Intorno al banco bivaccavano con furia, mosche, tafani e vespe.  Più tardi venne l’innovazione delle vetrinette da esposizione, ma gli insetti erano sempre implacabili. A richiesta dell’acquirente la donna effettuava il cosiddetto “tassello” incidendo la spessa buccia dei poponi ancora intatti; infilzava con la punta del coltello il pezzo abilmente intagliato e, sollevandolo sopra la testa, gridava con una voce stentorea: “Che róscio, che róscio… va a fòco Tripoli…”. Evidentemente le imprese delle sfortunate truppe italiane in terra d’Africa avevano lasciato un segno. Perlomeno nella polpa delle angurie.

Poi, come succede nella favole, questo mondo incantato, trasognato, fu di colpo spazzato via, quasi fosse un effimero castello di sabbia, da una improvvisa maligna tempesta di vento. Nuvole nere, che assumevano di solito l’aspetto sinistro di formazioni di rombanti “Fortezze volanti”, oscurando tristemente il cielo, a portare altrove distruzioni, lutti, dolore e morte. Cose che purtroppo dovemmo sperimentare indirettamente per la presenza in paese di un Ospedaletto militare allestito dall’esercito tedesco nei locali delle vecchie Scuole Elementari.
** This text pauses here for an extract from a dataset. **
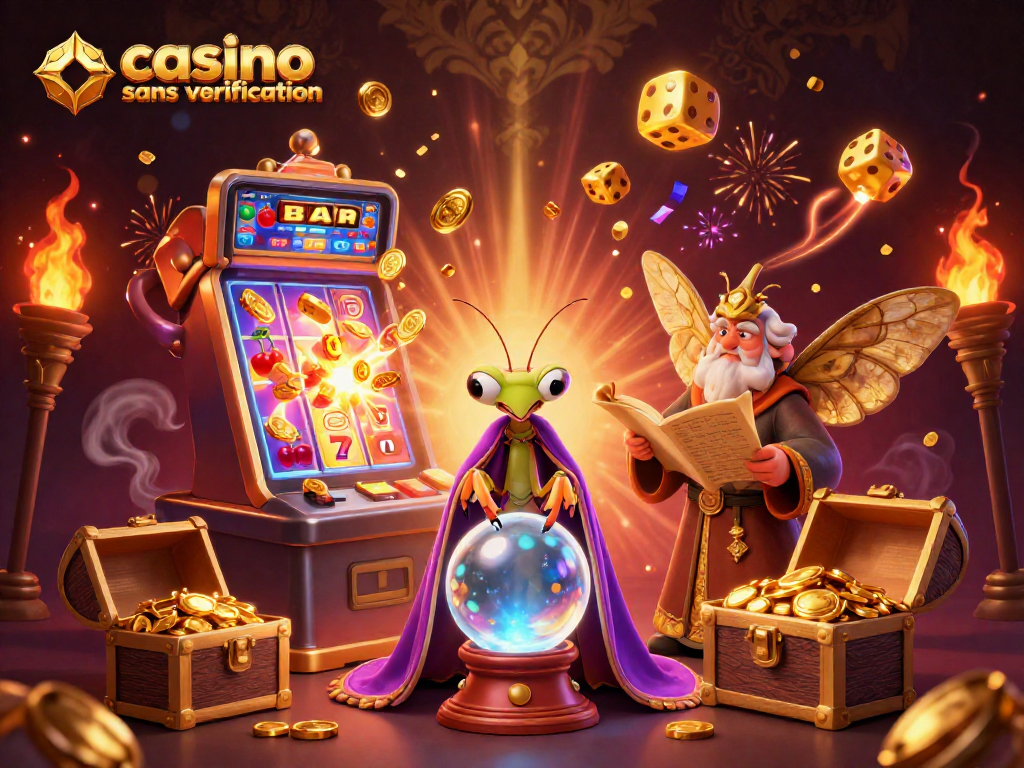 Gagnez de manière confidentielle dans les meilleurs casinos sans vérification.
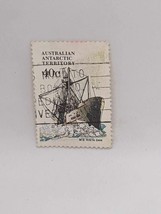 1981 Australia Australian Antartic Territory Kista Dan 40c Postmark Stamp - $1.50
Rumori, sentori, immagini sfumate si alternano nella memoria: le ambulanze, le barelle con poveri corpi straziati, i lamenti, l’odore penetrante del cloroformio per le anestesie, gli ordini impartiti con voci gutturali. Una evenienza che, fortunatamente, potremmo dire, sfiorò la comunità senza ulteriori deleterie conseguenze, a parte angosce e timori. Una bomba d’aereo colpì una casa di campagna; un proiettile vagante il tetto di una chiesa del centro. La guerra un giorno finì. E arrivarono in paese i cosiddetti “Liberatori” di cui avete già letto.
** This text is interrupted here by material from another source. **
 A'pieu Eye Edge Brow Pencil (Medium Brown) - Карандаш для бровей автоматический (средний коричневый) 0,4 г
  Alla fine del secondo conflitto mondiale, mi trasferii in città con la famiglia, per motivi connessi al lavoro e allo studio, come ebbi a narrare in precedenti occasioni. Mi piace chiudere questo breve racconto con una citazione tratta da Cesare Pavese. Dice dunque il narratore: “Un paese ci vuole non fosse che per il gusto di andarsene via. Un paese vuol dire non essere soli, sapere che nella gente, nelle piante, nella terra c’è qualcosa di tuo che anche quando non ci sei, resta ad aspettarti”.